_Task objective_. Every entry must reappear in your answer exactly as written, though its pictures must not.

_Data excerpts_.
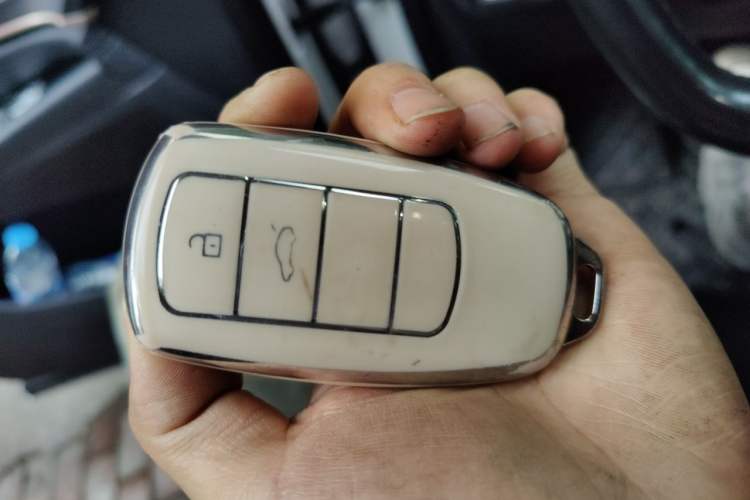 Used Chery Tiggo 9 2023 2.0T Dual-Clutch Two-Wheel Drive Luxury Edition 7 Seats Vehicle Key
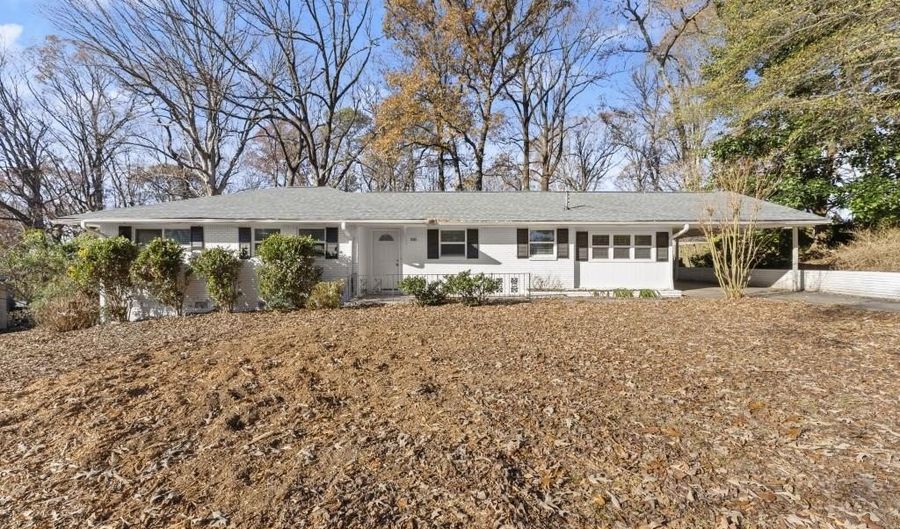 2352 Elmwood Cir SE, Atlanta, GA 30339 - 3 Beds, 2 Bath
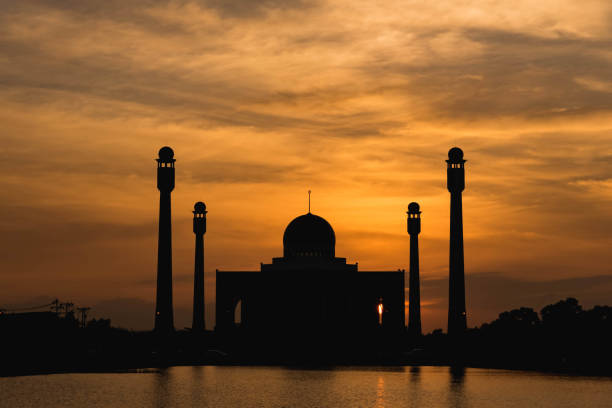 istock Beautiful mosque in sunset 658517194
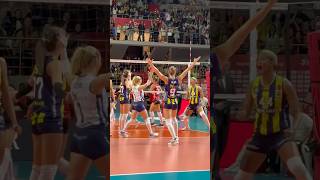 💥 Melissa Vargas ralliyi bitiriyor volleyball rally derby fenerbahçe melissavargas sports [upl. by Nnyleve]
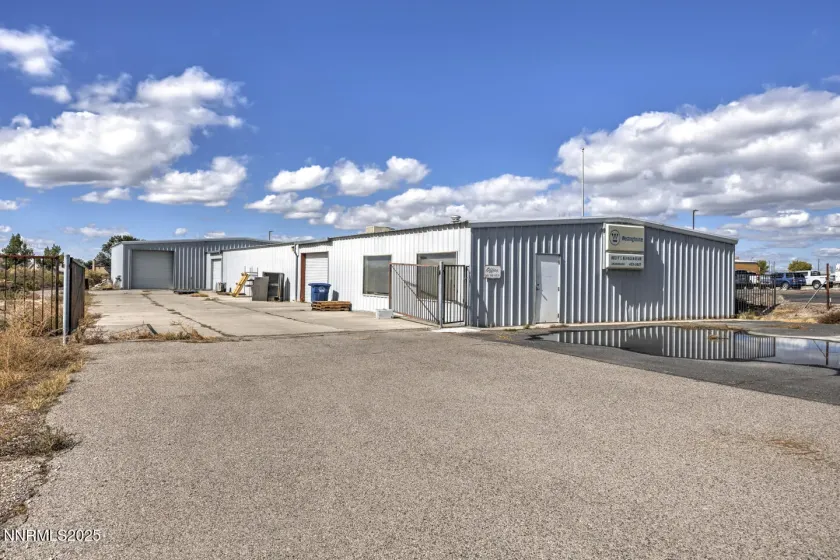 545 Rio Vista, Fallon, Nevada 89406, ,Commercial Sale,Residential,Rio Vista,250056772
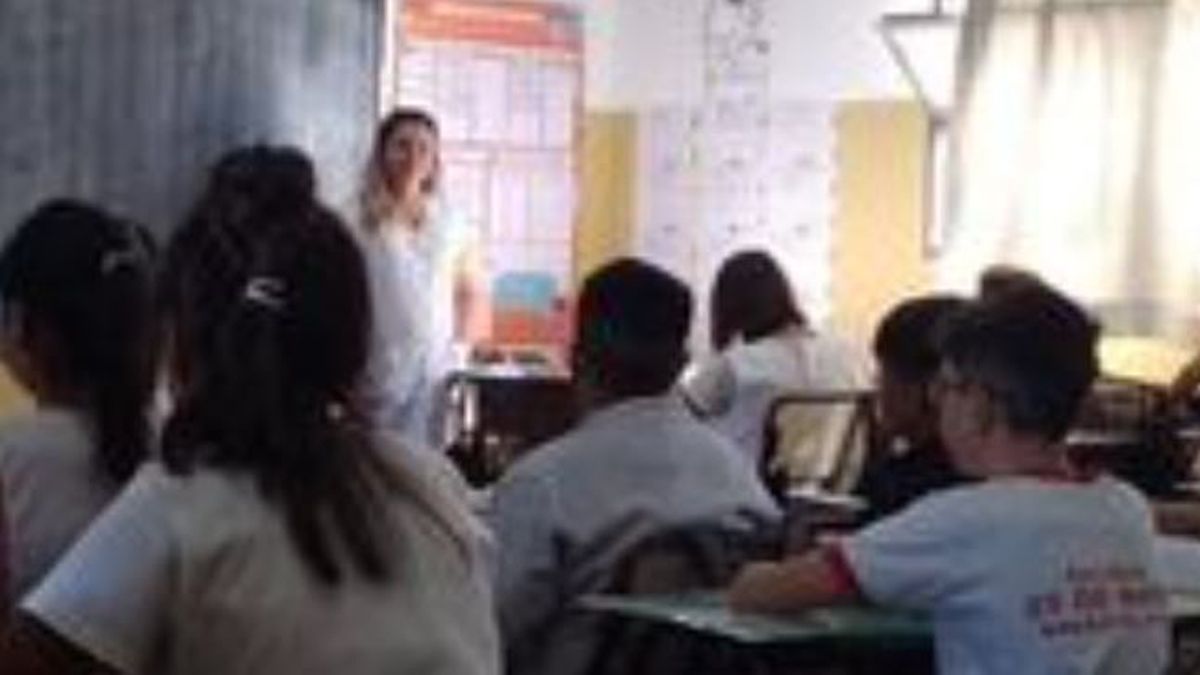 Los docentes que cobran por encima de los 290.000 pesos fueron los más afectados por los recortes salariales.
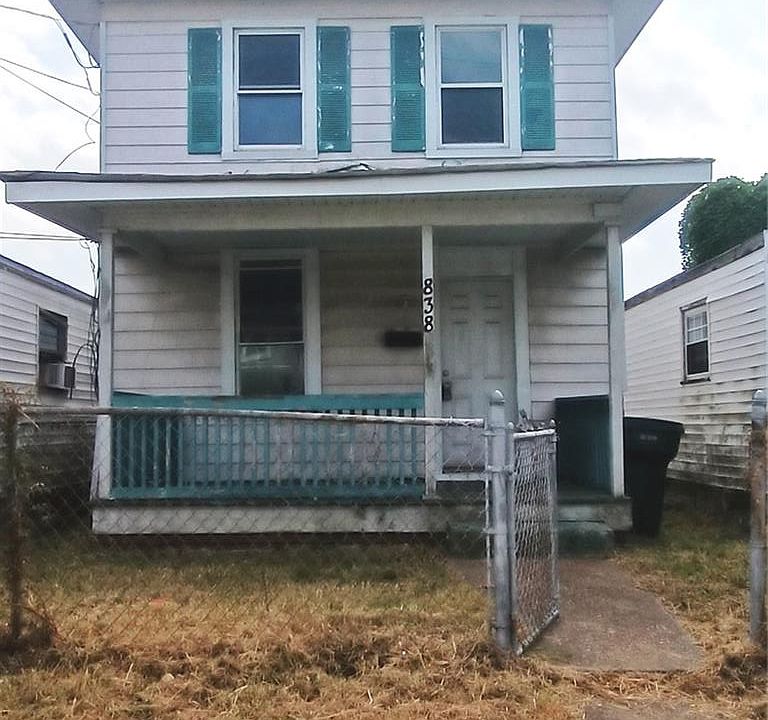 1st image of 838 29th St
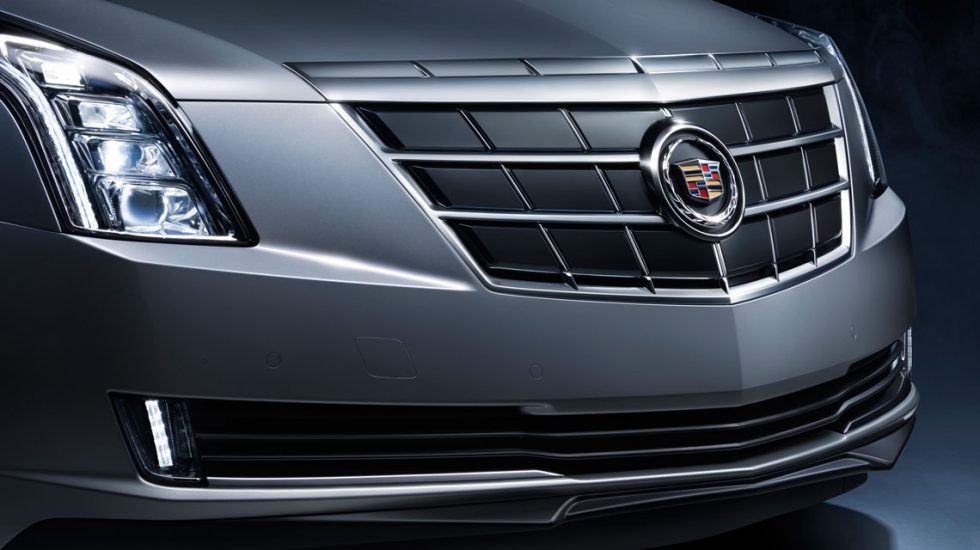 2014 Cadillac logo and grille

_Reply to the task_.
 Used Chery Tiggo 9 2023 2.0T Dual-Clutch Two-Wheel Drive Luxury Edition 7 Seats Vehicle Key
 2352 Elmwood Cir SE, Atlanta, GA 30339 - 3 Beds, 2 Bath
 istock Beautiful mosque in sunset 658517194
 💥 Melissa Vargas ralliyi bitiriyor volleyball rally derby fenerbahçe melissavargas sports [upl. by Nnyleve]
 545 Rio Vista, Fallon, Nevada 89406, ,Commercial Sale,Residential,Rio Vista,250056772
 Los docentes que cobran por encima de los 290.000 pesos fueron los más afectados por los recortes salariales.
 1st image of 838 29th St
 2014 Cadillac logo and grille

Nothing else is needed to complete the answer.